Brief:
Please return exactly the lines below that run from the line with "this 1248×770 image." through the end of the listing, both included, but not the pictures.

******

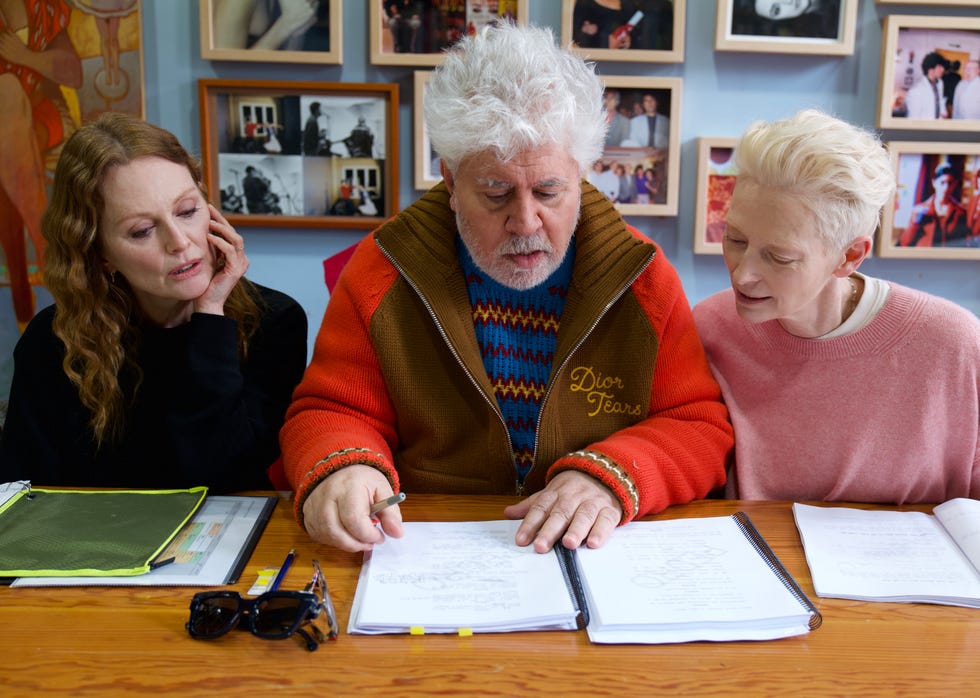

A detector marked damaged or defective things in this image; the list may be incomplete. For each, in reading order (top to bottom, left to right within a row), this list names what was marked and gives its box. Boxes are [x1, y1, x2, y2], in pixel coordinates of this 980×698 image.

dior tears logo [568, 368, 644, 416]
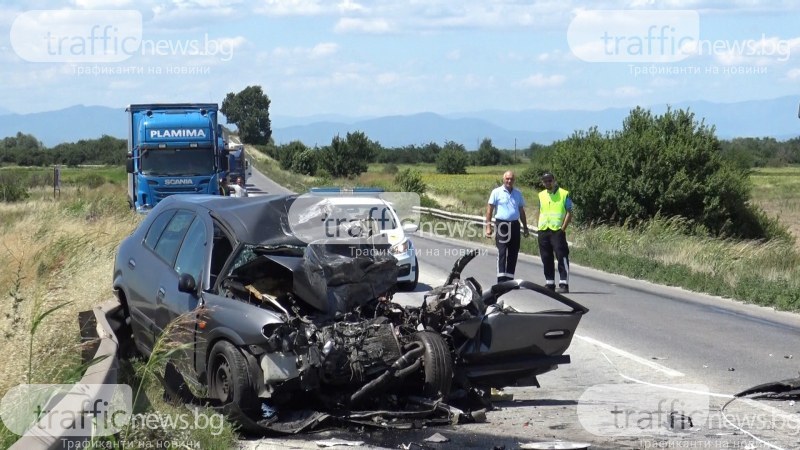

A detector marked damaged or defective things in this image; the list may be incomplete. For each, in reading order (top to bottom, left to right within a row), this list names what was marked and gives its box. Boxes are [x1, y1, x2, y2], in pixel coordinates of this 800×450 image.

wrecked silver car [112, 194, 588, 432]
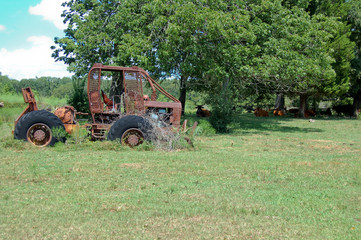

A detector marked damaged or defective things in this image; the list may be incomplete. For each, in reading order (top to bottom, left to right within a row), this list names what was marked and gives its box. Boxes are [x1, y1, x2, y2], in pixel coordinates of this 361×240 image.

rusty old grader [13, 62, 186, 147]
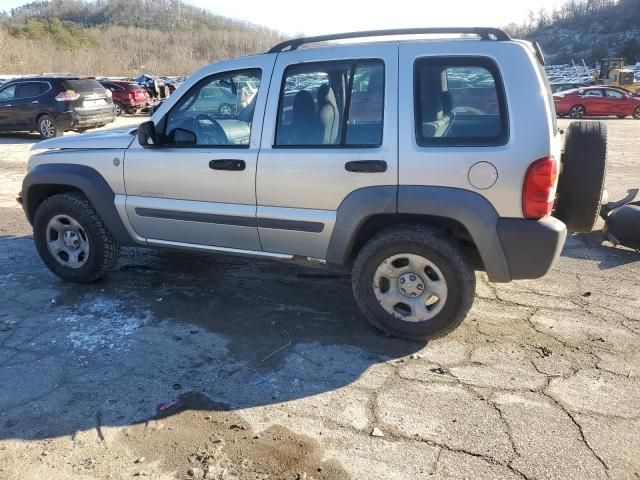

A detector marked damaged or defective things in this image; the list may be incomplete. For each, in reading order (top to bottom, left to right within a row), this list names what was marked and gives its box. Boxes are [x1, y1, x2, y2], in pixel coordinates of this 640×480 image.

cracked concrete lot [0, 117, 636, 480]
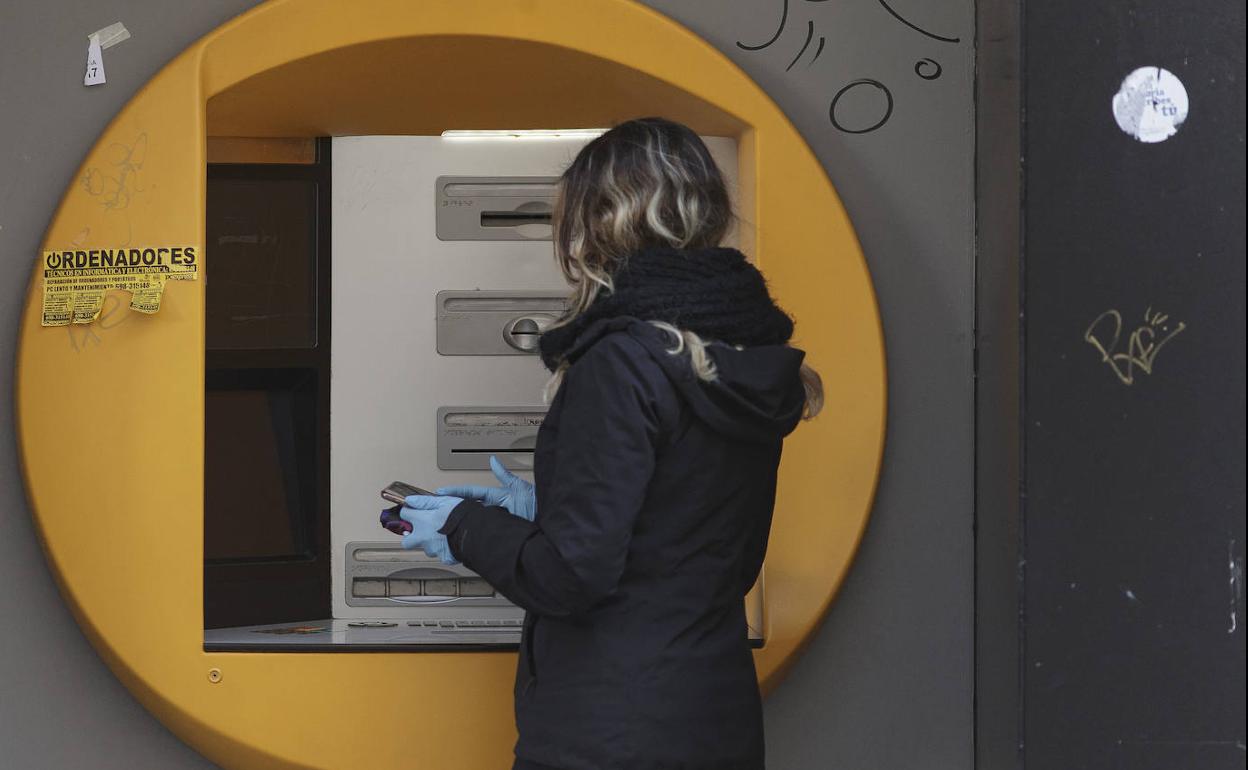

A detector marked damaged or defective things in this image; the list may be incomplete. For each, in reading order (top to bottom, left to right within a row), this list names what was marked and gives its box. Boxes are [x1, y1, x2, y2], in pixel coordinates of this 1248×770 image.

torn paper sticker [39, 243, 197, 324]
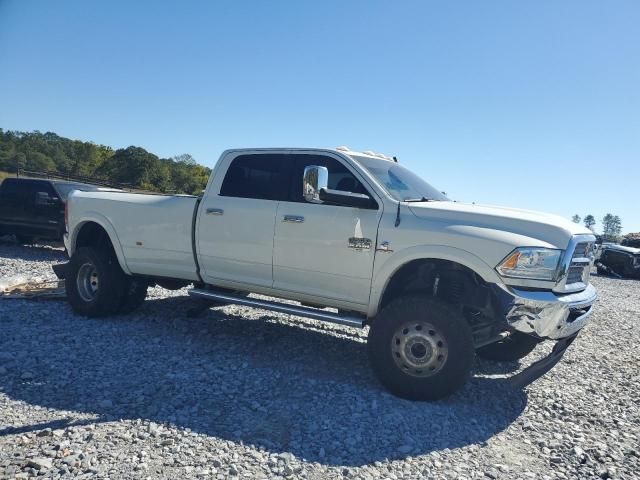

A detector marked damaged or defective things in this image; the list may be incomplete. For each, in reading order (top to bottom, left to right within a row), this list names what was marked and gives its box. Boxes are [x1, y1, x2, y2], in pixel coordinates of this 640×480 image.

damaged front bumper [498, 284, 596, 340]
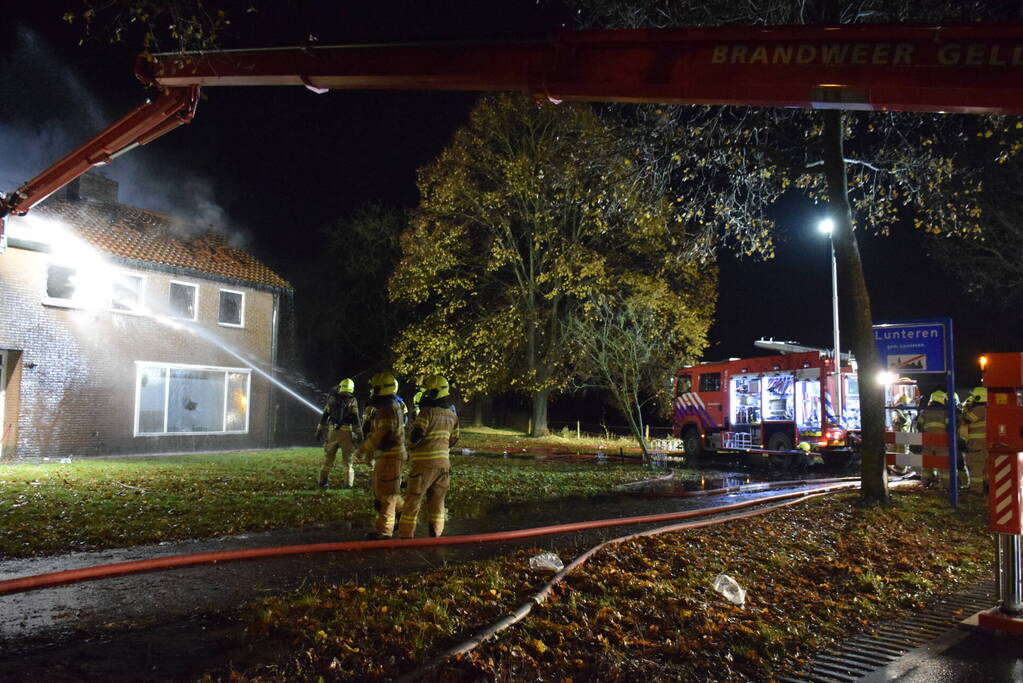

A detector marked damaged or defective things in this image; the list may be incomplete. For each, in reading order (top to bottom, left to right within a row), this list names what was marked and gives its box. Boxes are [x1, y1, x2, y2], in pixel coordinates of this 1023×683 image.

broken window [45, 264, 78, 304]
broken window [112, 274, 144, 314]
broken window [168, 280, 198, 320]
broken window [218, 290, 244, 328]
broken window [135, 366, 251, 436]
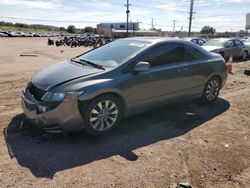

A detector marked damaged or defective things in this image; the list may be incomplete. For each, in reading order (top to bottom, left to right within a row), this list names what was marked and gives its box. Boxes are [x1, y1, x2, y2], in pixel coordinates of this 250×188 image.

******

Output for this exercise:
A detector marked damaged or defective things in this image; the list may be incomplete. For each, in reading order (top to bottom, left to right within a row), this list names what was marked and gives its box. Boxes are [x1, y1, x2, y2], in pixel coordinates of this 1248×770 image.

torn paper sticker [39, 243, 197, 324]

A detector marked damaged or defective things in this image; the list may be incomplete. For each, in reading order (top to bottom, left to right within a row), this list names what was marked and gives its box. Boxes are [x1, y1, x2, y2], in pixel coordinates of this 640×480 image.

damaged front bumper [498, 284, 596, 340]

A detector marked damaged or defective things in this image; the list may be incomplete. For each, in reading order (top to bottom, left to right within a row), this list names what was marked and gives its box. Boxes are [x1, y1, x2, y2], in pixel coordinates of this 1023×683 image.

broken window [45, 264, 78, 304]
broken window [112, 274, 144, 314]
broken window [168, 280, 198, 320]
broken window [218, 290, 244, 328]
broken window [135, 366, 251, 436]

A detector marked damaged or defective things in this image; the list may be incomplete. For each, in reading order (top to bottom, left to right within a row), this list names what was marked and gives its box. Boxes are [x1, y1, x2, y2], in pixel coordinates of this 250×188 image.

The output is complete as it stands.